# Long tractor 680



## Tbonah (8 mo ago)

I have a long tractor 680, no idea what this part would even be called but I snapped it today and was wondering what I could even call this and what part I'm even working on, It's part of the fuel system.


----------



## pogobill (Jan 31, 2012)

I think this might be it.









*Injection Pump Banjo Bolt with Valve for Long 680 TractorsPART #: TX11677






Lucas CAV DPA and DPS fuel outlet banjo bolt pressurising valve 7180-358 – Toni´s Einspritzpumpen







toni-einspritzpumpenservices.de









Lucas CAV DPA and DPS fuel outlet banjo bolt pressurising valve 7180-358 – Toni´s Einspritzpumpen







toni-einspritzpumpenservices.de




*


----------



## pogobill (Jan 31, 2012)

Tbonah said:


> I have a long tractor 680, no idea what this part would even be called but I snapped it today and was wondering what I could even call this and what part I'm even working on, It's part of the fuel system.
> View attachment 79779
> 
> View attachment 79776
> ...


And welcome to the forum, hope I got you pointed closer to an answer!


----------



## thepumpguysc (Jan 25, 2015)

Hi pressure outlet banjo bolt..
They are inj pump mdl specific.!!
Get the mdl # off the name plate and I’ll get u the p#..


----------



## thepumpguysc (Jan 25, 2015)

If your getting 1local, don’t forget the Teflon line washers..(2)
It’s important to TORQUE the connector.. 25 ftlbs .!!!
Get me those pump numbers ex 
3248F442


----------



## JLSteiner (Aug 6, 2017)

Mots any diesel injection pump shop should be able to get you one.


----------



## Tbonah (8 mo ago)

thepumpguysc said:


> If your getting 1local, don’t forget the Teflon line washers..(2)
> It’s important to TORQUE the connector.. 25 ftlbs .!!!
> Get me those pump numbers ex
> 3248F442


Irs a Delphi pump
Type 1147
De 3348f881
Model 13607hvg


----------



## thepumpguysc (Jan 25, 2015)

Banjo bolt.. 7180-358. (1)
Washers... 5936-332C. (2)
All Delphi #’s..
Don’t forget.. torque to 25ftlbs..


----------



## Tbonah (8 mo ago)

thepumpguysc said:


> Banjo bolt.. 7180-358. (1)
> Washers... 5936-332C. (2)
> All Delphi #’s..
> Don’t forget.. torque to 25ftlbs..


Are they called Lucas cav washers?
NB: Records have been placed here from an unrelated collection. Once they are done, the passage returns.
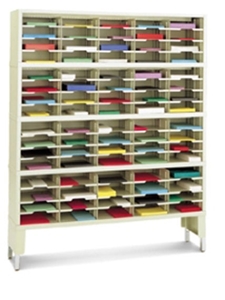 60” Wide Mail Sorter – 80 Pockets (11 1/2"W) w/Open Leg Riser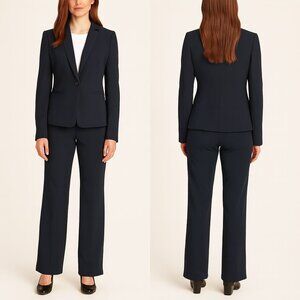 Roz & Ali Womens Black Straight-Leg Stretch Pants Pull On Size 8 Business Casual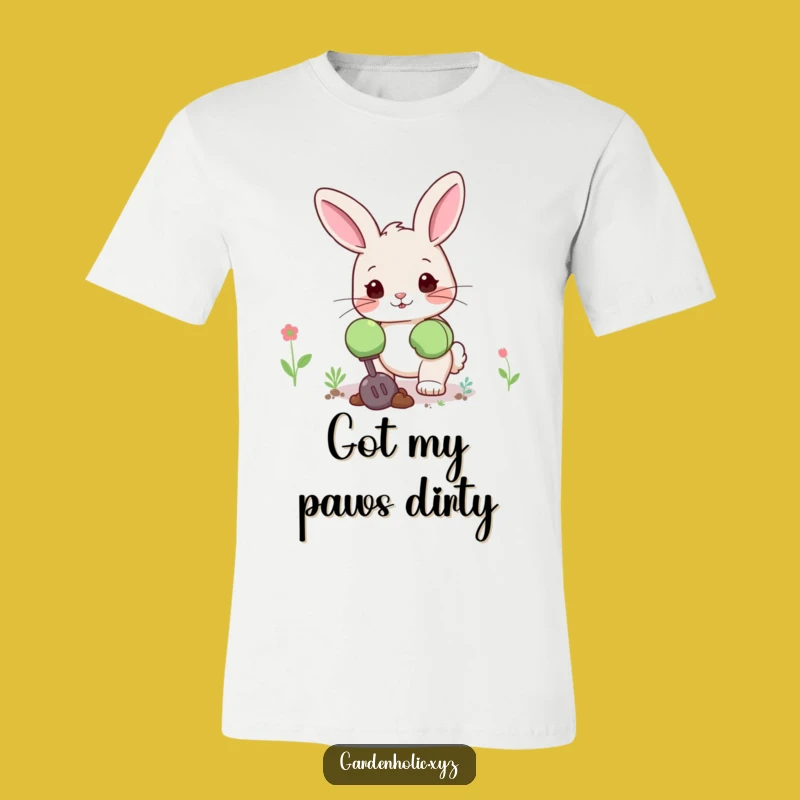 Funny Bunny Gardener T-Shirt: Cute Bunny Digging Happily, Great Garden Lover Gift!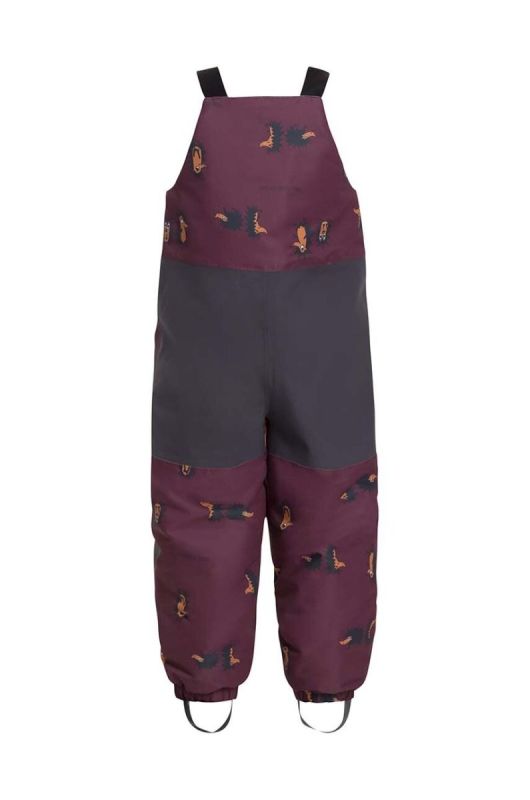 Дитячі штани для зимових видів спорту Jack Wolfskin GLEEL 2L INS PRINT BIB колір бордовий фото 2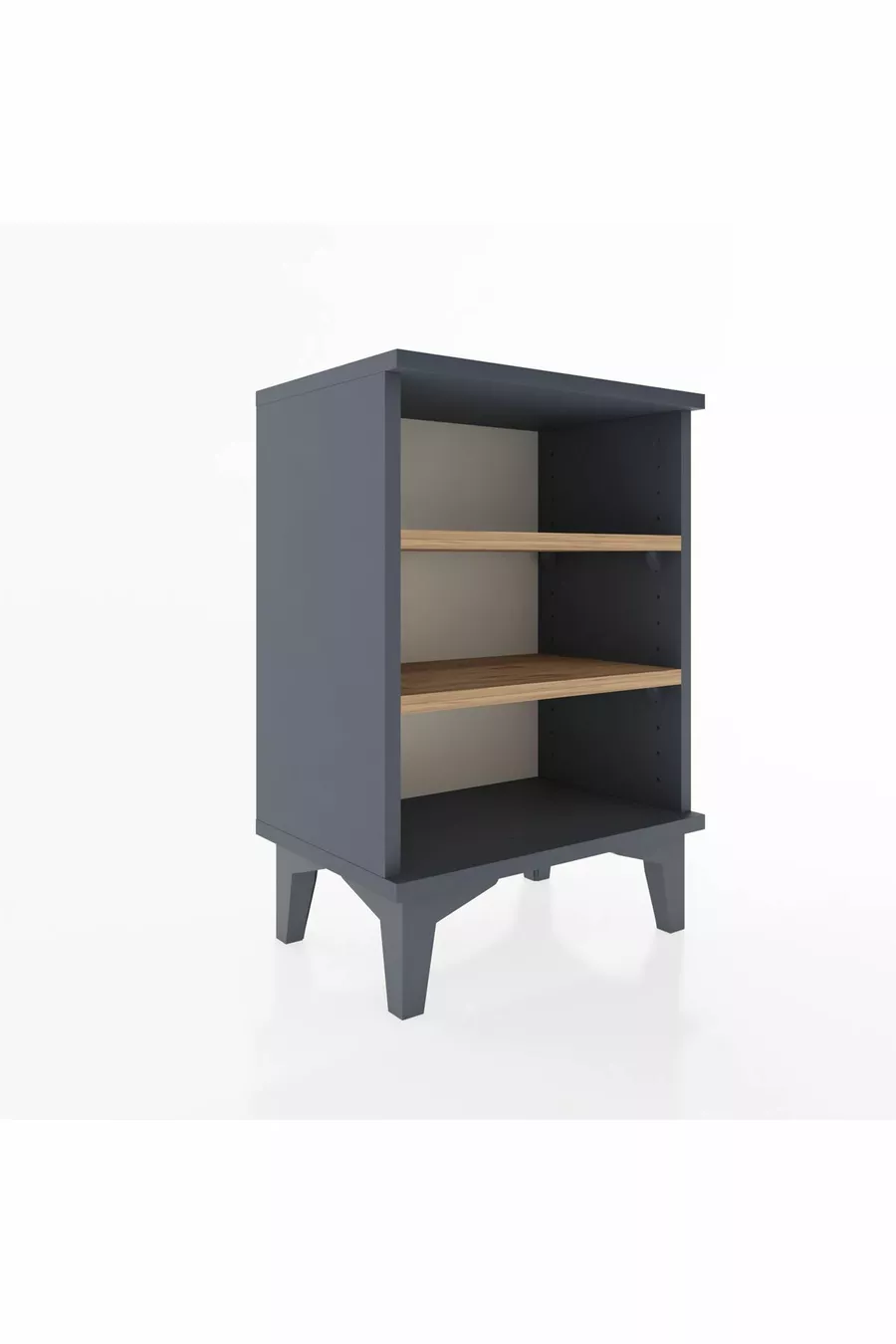 Chevet Arges à 2 étagères Anthracite-Bois de pin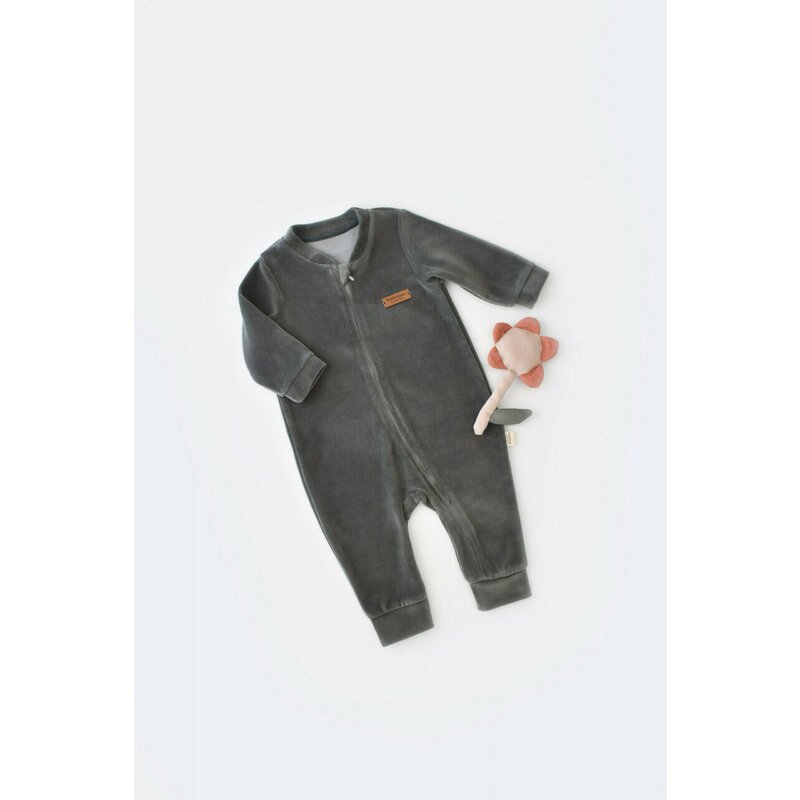 Babycosy - Salopeta cu maneca lunga si fermoar din 80%bumbac organic si 20% poliester - Antracit, Baby Cosy (Marime: 9-12 luni)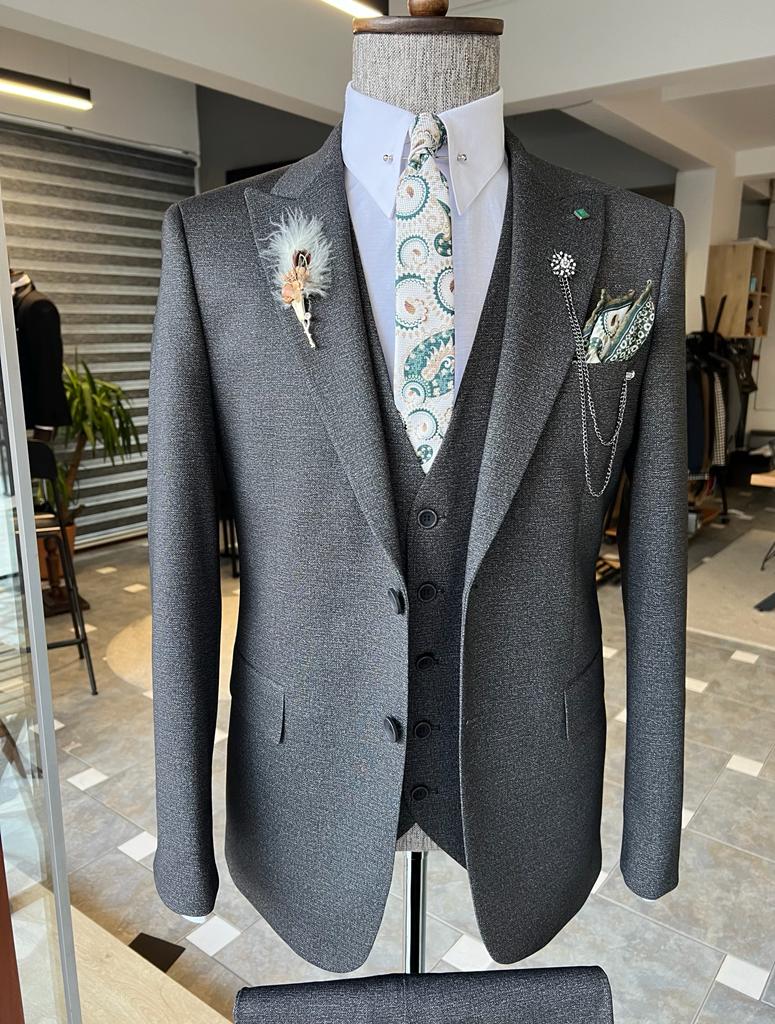 Bojoni Louis Khaki Slim Fit Peak Lapel Suit 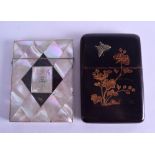 A VICTORIAN MOTHER OF PEARL CARD CASE together with a Japanese lacquered card case. 8.25 cm x 10.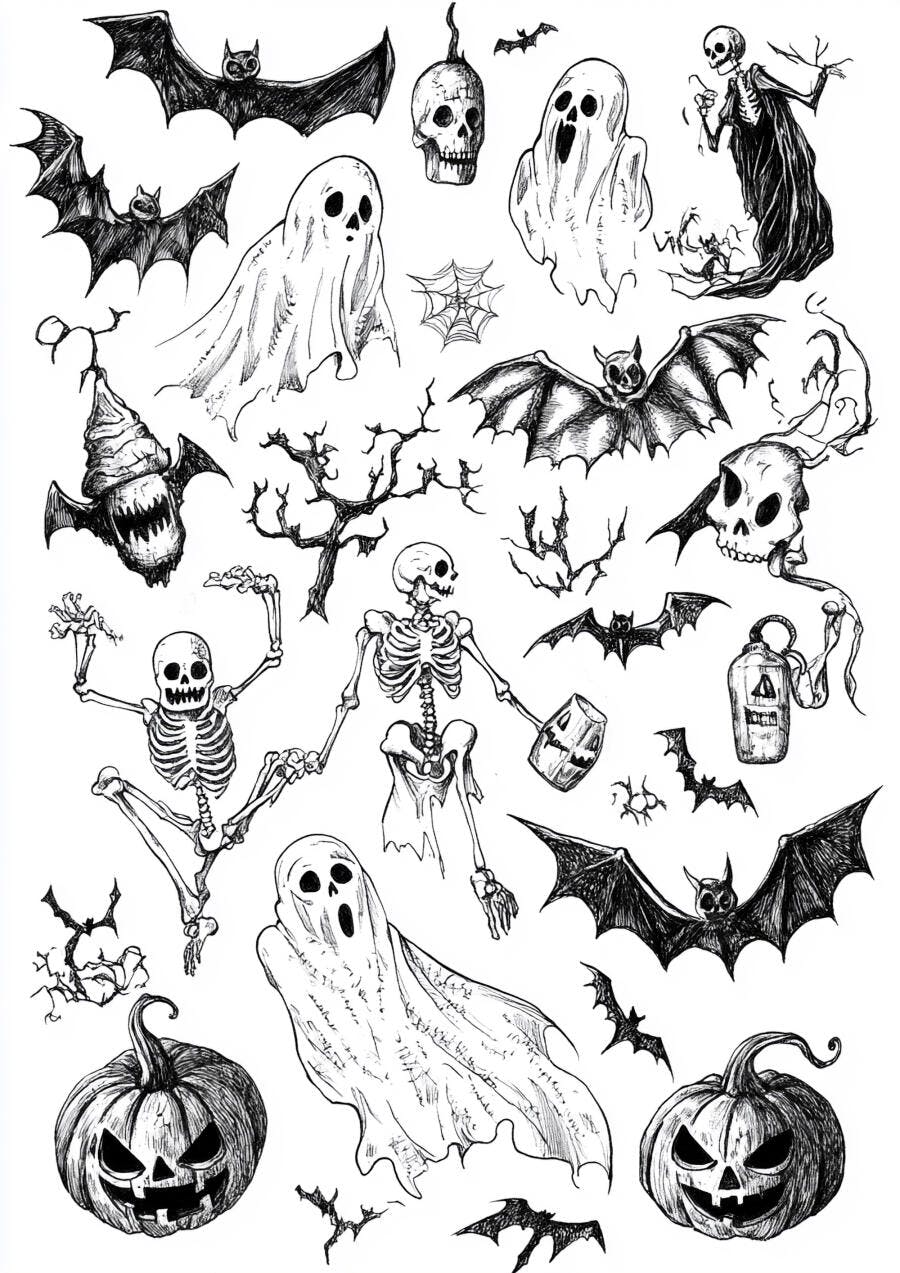 Foto Ilustração Halloween Esqueletos Fantasmas Morcegos Abóboras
Says they are a stanadyne cav roosa.. just out of curiosity, what's the difference in these washers as opposed to a copper crush washer on this aplication? Thank you very much for the part numbers man


----------



## thepumpguysc (Jan 25, 2015)

If u can’t find them, I’ve got a small herd of’m..


----------



## Roydon96 (5 d ago)

thepumpguysc said:


> If u can’t find them, I’ve got a small herd of’m..


Do you still have a couple of 7180-358 banjo bolts?


----------



## thepumpguysc (Jan 25, 2015)

Yes, how many do u need.??


----------